The Adventures of Paddington, Season 1
The Adventures of Paddington is a new version of a familiar bear. It’s a heartwarming show about being curious, being good to others, and being part of a loving family.
Editor’s Note: This review is based on this series’ first two episodes.
Paddington, the unfailingly polite little bear who means well but can’t seem to get anything right, is at it again. He’s got another set of adventures playing on Amazon Prime, and in between his penchant for marmalade sandwiches and the occasional hard stare for those who seem to have forgotten their manners, he lives up to expectations.
He’s remarkably well preserved for a bear of 62 years (the character debuted in 1958), relatively unwrinkled but unquenchably curious. Even though the Brown family, which took him in several decades ago, tries to impress on him how much a part of them he is, Paddington still hasn’t gotten the feeling of being fully accepted as a furry creature among humans, which will instantly make him relatable to kids who feel like outsiders.
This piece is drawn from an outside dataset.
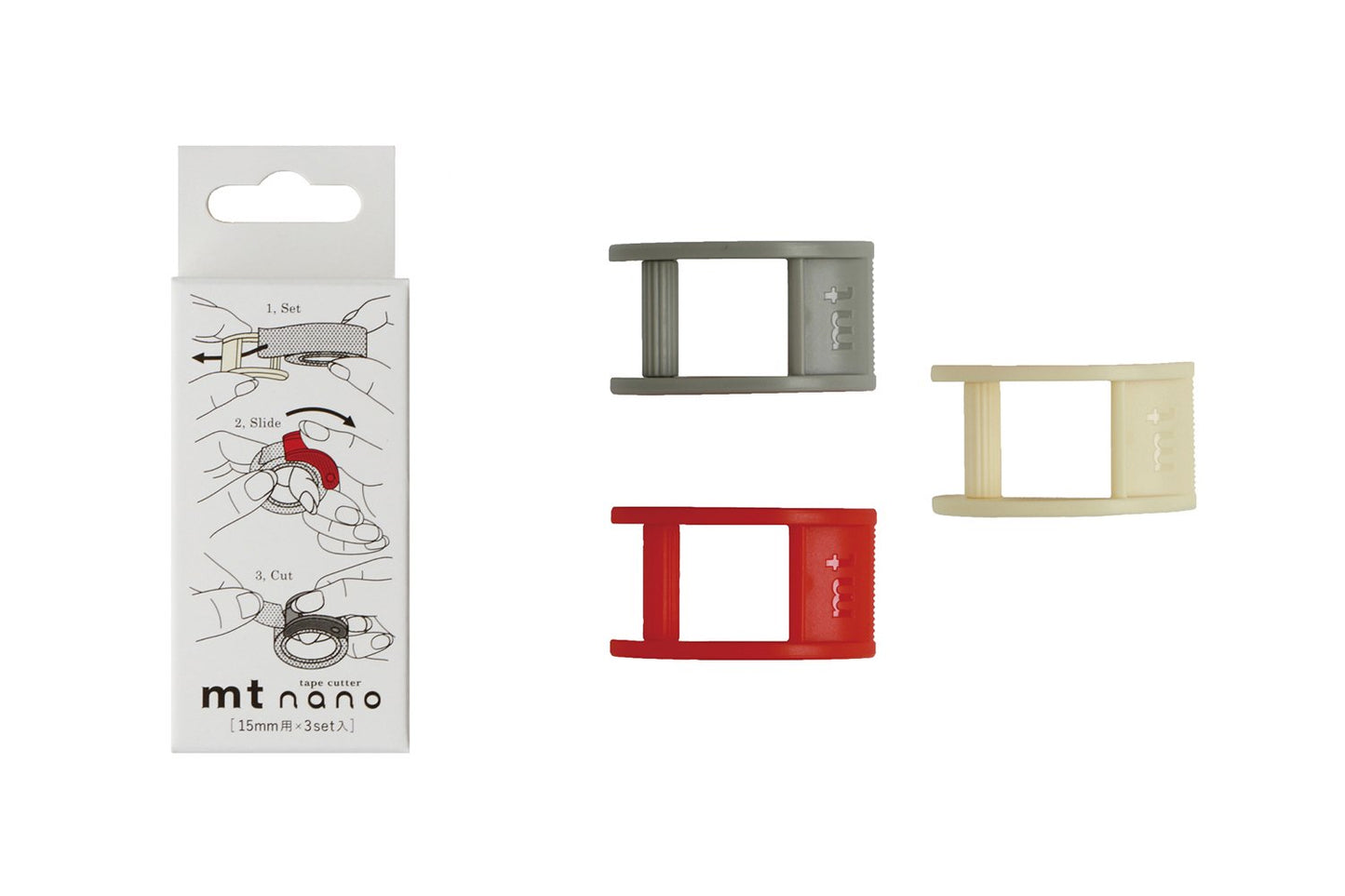 MT Nano Washi Tape Cutter 15mm Set of 3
That’s one of the themes explored in “Paddington and the Chores List”. That’s the second half of Episode 1 — each 22-minute show is divided into two parts. In this half of the episode, Paddington learns what chores are. When he finds out what they are, and hears that everybody in the family has a list of them except him, you can immediately read the disappointment in his expressions. So the family tries to come up with a list for Paddington — things he can’t get wrong, they say — but with an intro like that, you don’t have to be a foreshadowing genius to know the little bear is going to turn things upside down. Once the family tells Paddington that he now is part of the list, he attacks it with a glee that parents probably will seldom see in their own kids. And when he mistakenly does everybody else’s chores but his own, what could possibly go wrong?
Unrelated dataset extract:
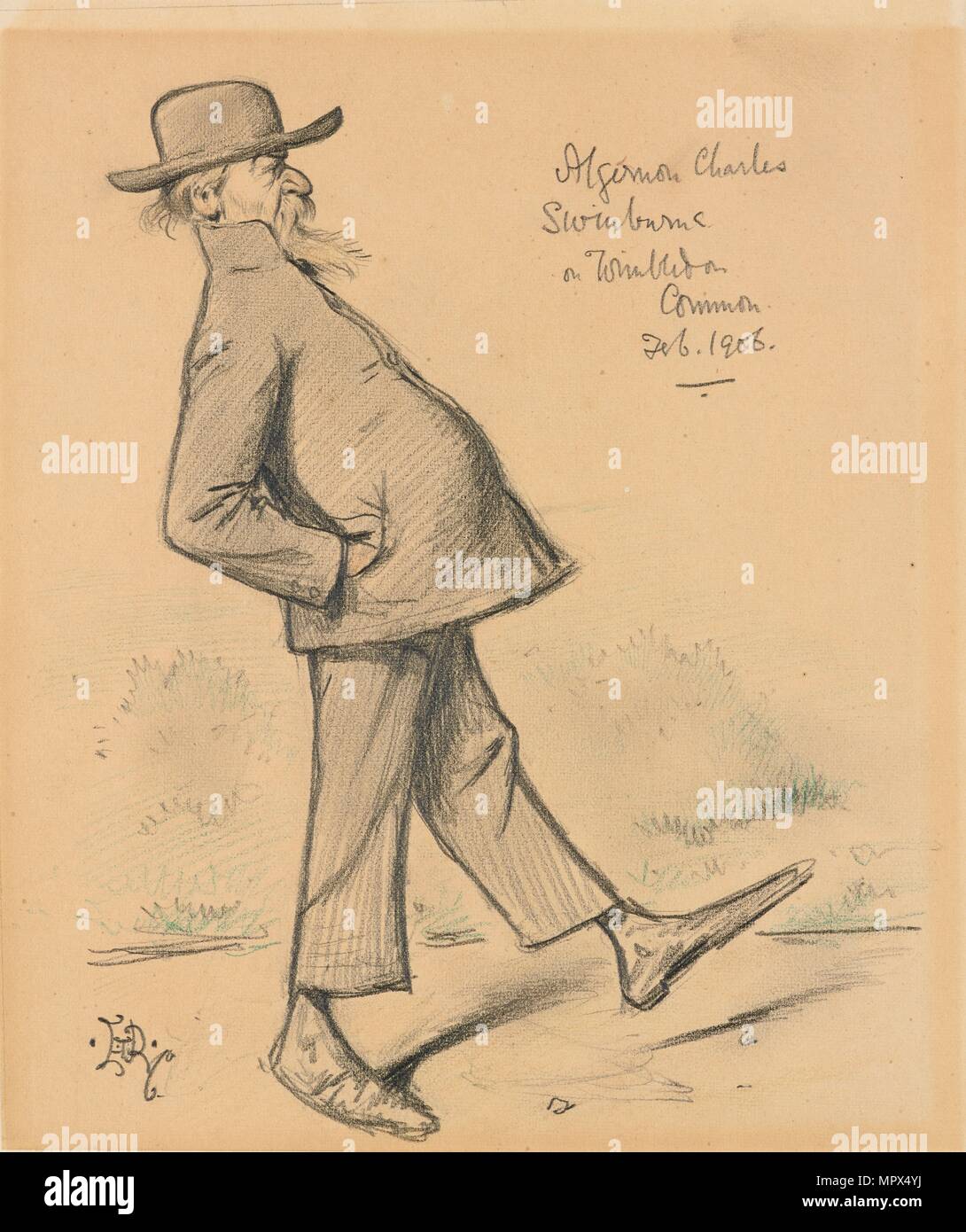 Algernon Charles Swinburne su Wimbledon Common, 1906. Artista: Edward Tennyson Reed. Foto Stock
Amid his adventures, Paddington is always learning — and therefore teaching the kids watching him — fully worthwhile lessons. In this one, the little bear learns it isn’t chores that earn him a place in the family. Though the series doesn’t have any overt faith teachings, you have to be spiritually tone-deaf to miss the Christian undertone that works don’t earn you a place in the family of God. “Otherwise,” as housekeeper Mrs. Bird chirps in, “Mr. Brown would’ve been kicked out six months ago!”
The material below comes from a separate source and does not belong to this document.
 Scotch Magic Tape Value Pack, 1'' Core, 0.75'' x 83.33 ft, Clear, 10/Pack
The first part of the episode — “Paddington Finds a Pigeon” — teaches Paddington what true love means. He comes across a bird with an injured wing and nurses him back to health. In the process, he grows attached to the pigeon, which he names Pigeonton. But as Pigeonton recovers and sees other birds flying free, he yearns to join them. Paddington doesn’t want to set Pigeonton free, but Mrs. Bird (who we should note is coincidentally named, but human) teaches him differently. “If you love him, you have to do what’s best for him, not what’s best for you.”
With messages like that, and more, sprinkled throughout the series, it’s easy to pronounce The Adventures of Paddington Dove-approved for All Ages.
The Dove Take:
Paddington can’t get anything right, but the lessons that emerge seem always to be on point.